Start of Source data
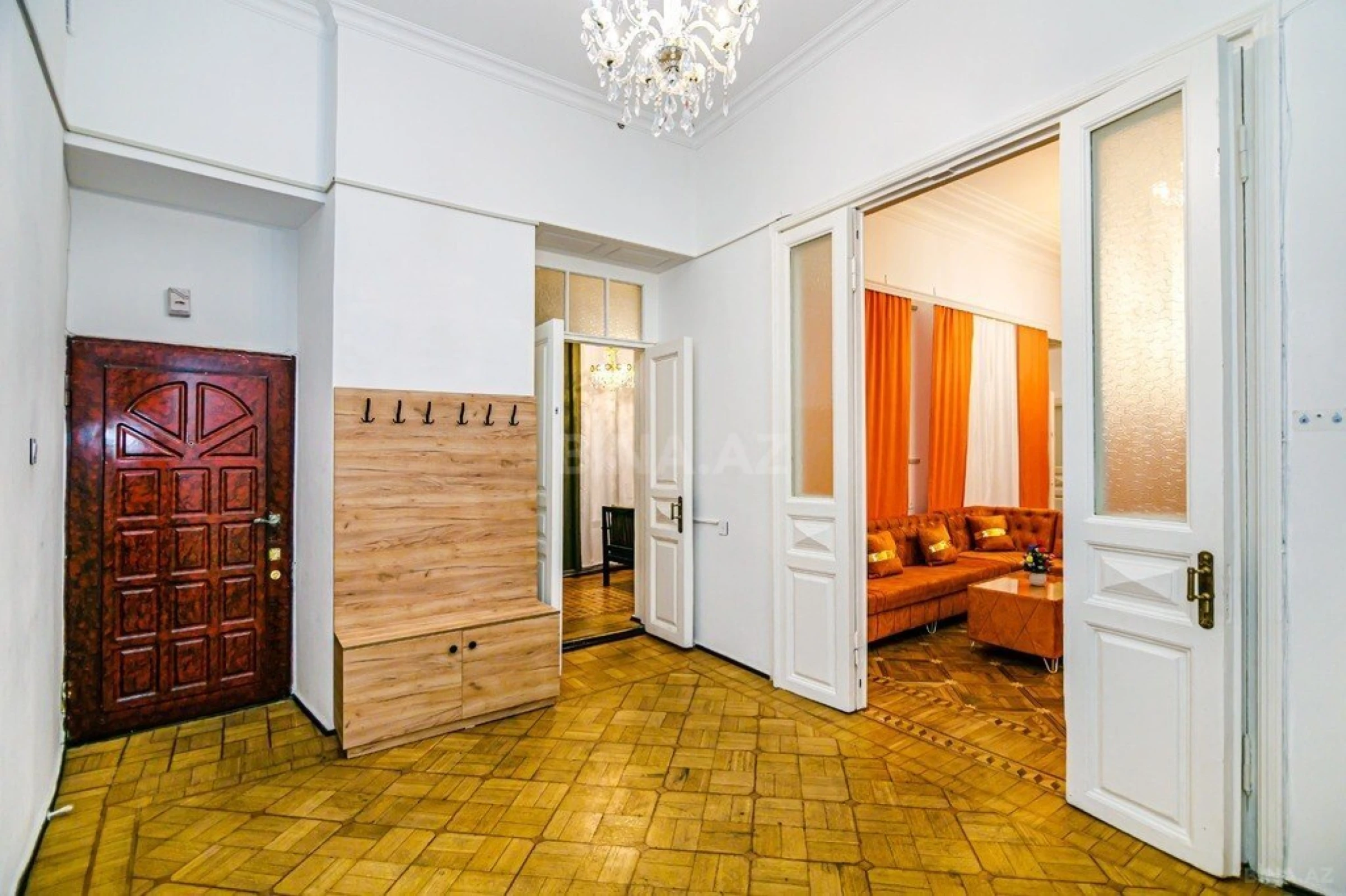 Kirayə verilir 5 otaqlı mənzil 260 m²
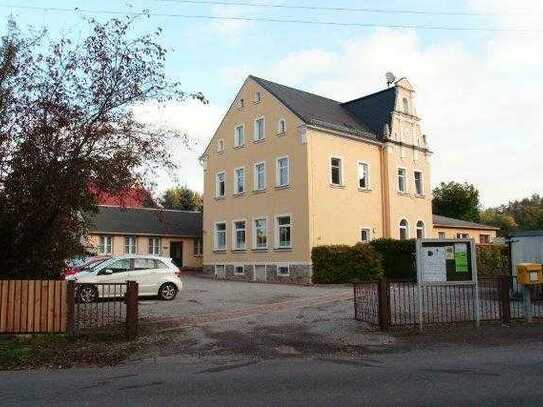 Möblierte 2 Raumwohnung mit eigenem Garten und Terrasse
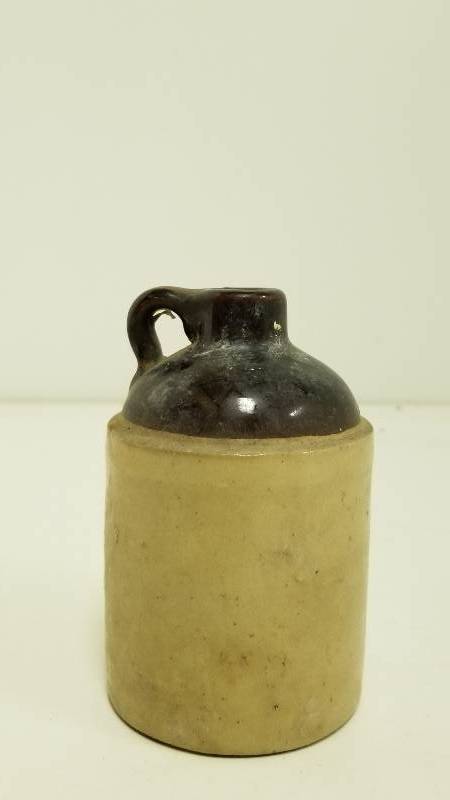 lot 1303 image: Old Mini Whiskey Jug - Pottery  Stoneware  Rare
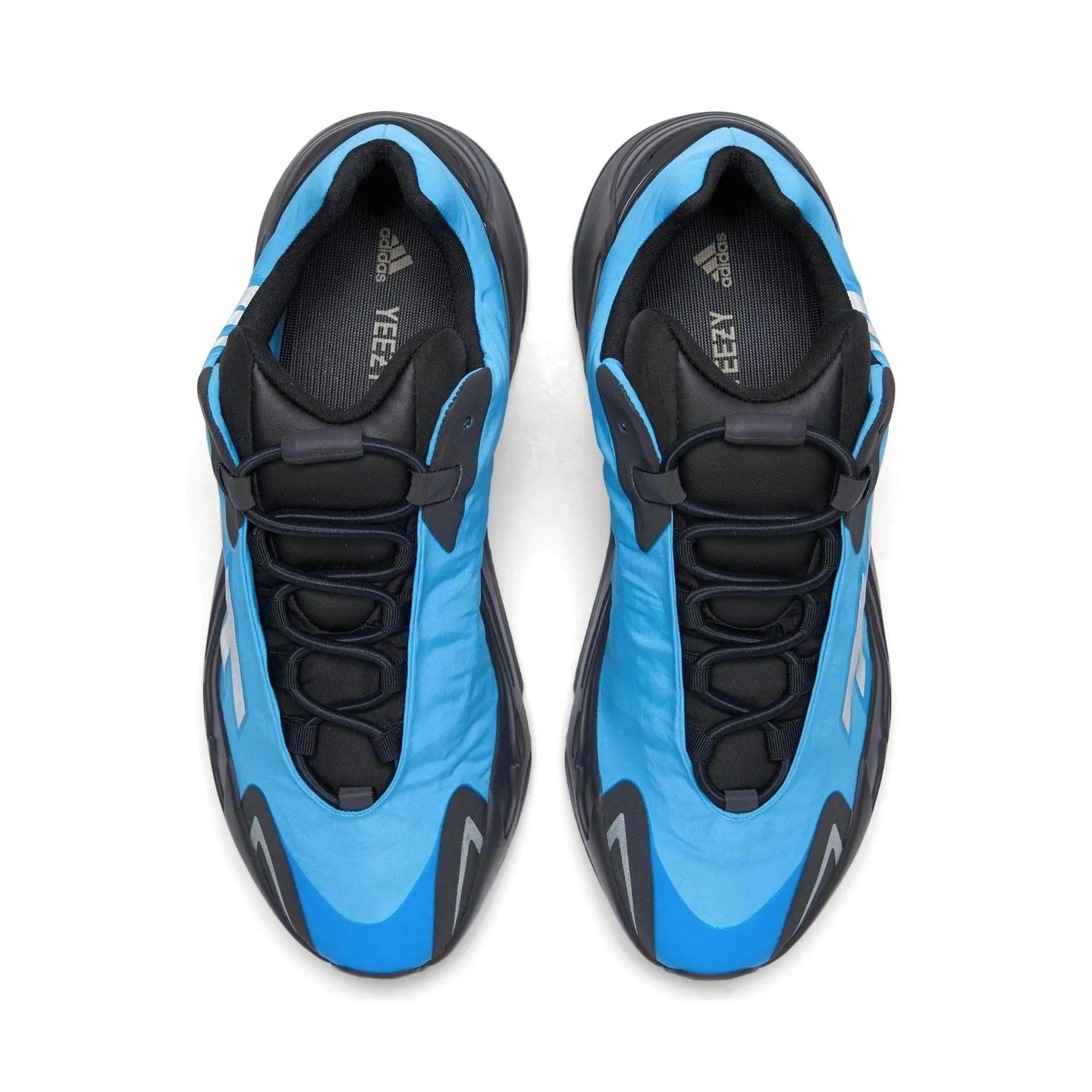 YEEZY BOOST 700 MNVN BRIGHT CYAN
End of Source data
• **Exercise requirements**
Reproduce, word for word, the lines from the one containing "Möblierte 2 Raumwohnung" to the end of the material, both ends included. No picture is copied.

• **Output of the task**
 Möblierte 2 Raumwohnung mit eigenem Garten und Terrasse
 lot 1303 image: Old Mini Whiskey Jug - Pottery  Stoneware  Rare
 YEEZY BOOST 700 MNVN BRIGHT CYAN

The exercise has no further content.